▶ **Task item**: What lines in the data below mention the string "Modern"? Copy them out.

Excerpts from a dataset
--------------------------------

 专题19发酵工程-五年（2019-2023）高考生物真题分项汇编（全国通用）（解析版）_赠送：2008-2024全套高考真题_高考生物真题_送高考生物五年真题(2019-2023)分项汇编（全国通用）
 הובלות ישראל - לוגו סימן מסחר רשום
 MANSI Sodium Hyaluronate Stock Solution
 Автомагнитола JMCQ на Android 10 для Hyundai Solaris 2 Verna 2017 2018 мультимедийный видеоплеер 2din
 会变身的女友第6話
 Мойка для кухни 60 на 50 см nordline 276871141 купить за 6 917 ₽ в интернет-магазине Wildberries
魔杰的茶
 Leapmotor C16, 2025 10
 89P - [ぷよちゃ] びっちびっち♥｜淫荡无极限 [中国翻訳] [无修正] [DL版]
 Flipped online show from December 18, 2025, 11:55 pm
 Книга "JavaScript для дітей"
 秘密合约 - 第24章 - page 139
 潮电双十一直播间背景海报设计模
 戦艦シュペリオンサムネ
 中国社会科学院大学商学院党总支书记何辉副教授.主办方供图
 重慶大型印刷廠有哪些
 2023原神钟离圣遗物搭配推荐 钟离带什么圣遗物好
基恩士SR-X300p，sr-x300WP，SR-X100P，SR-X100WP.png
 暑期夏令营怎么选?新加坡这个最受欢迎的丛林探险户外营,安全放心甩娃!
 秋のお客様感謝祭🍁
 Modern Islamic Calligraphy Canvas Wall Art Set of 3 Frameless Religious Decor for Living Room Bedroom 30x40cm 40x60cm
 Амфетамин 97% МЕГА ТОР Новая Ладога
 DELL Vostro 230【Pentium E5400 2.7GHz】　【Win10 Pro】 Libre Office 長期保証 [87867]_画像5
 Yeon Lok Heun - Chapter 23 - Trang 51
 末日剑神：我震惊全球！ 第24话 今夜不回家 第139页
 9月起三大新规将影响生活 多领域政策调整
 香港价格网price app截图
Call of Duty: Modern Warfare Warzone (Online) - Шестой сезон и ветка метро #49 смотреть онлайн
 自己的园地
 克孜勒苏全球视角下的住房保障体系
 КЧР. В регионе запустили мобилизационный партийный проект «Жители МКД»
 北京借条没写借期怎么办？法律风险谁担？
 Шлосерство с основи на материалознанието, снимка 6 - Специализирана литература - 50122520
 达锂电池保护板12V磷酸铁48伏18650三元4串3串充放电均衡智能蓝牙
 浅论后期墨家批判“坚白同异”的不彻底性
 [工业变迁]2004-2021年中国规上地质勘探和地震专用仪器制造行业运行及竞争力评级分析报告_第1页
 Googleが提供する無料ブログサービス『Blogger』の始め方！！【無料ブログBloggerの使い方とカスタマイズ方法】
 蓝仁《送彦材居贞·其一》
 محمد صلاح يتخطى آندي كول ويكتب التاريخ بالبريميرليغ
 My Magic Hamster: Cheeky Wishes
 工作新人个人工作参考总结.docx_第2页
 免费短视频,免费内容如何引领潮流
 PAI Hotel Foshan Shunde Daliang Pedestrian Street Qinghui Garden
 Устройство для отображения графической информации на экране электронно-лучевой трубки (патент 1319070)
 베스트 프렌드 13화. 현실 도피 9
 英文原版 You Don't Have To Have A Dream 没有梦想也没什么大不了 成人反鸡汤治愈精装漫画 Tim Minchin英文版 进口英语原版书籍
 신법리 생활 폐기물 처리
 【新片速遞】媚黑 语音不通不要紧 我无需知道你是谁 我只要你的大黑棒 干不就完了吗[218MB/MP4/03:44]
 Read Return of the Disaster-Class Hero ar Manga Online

--------------------------------

▶ **Answer for the task**:
 Modern Islamic Calligraphy Canvas Wall Art Set of 3 Frameless Religious Decor for Living Room Bedroom 30x40cm 40x60cm
Call of Duty: Modern Warfare Warzone (Online) - Шестой сезон и ветка метро #49 смотреть онлайн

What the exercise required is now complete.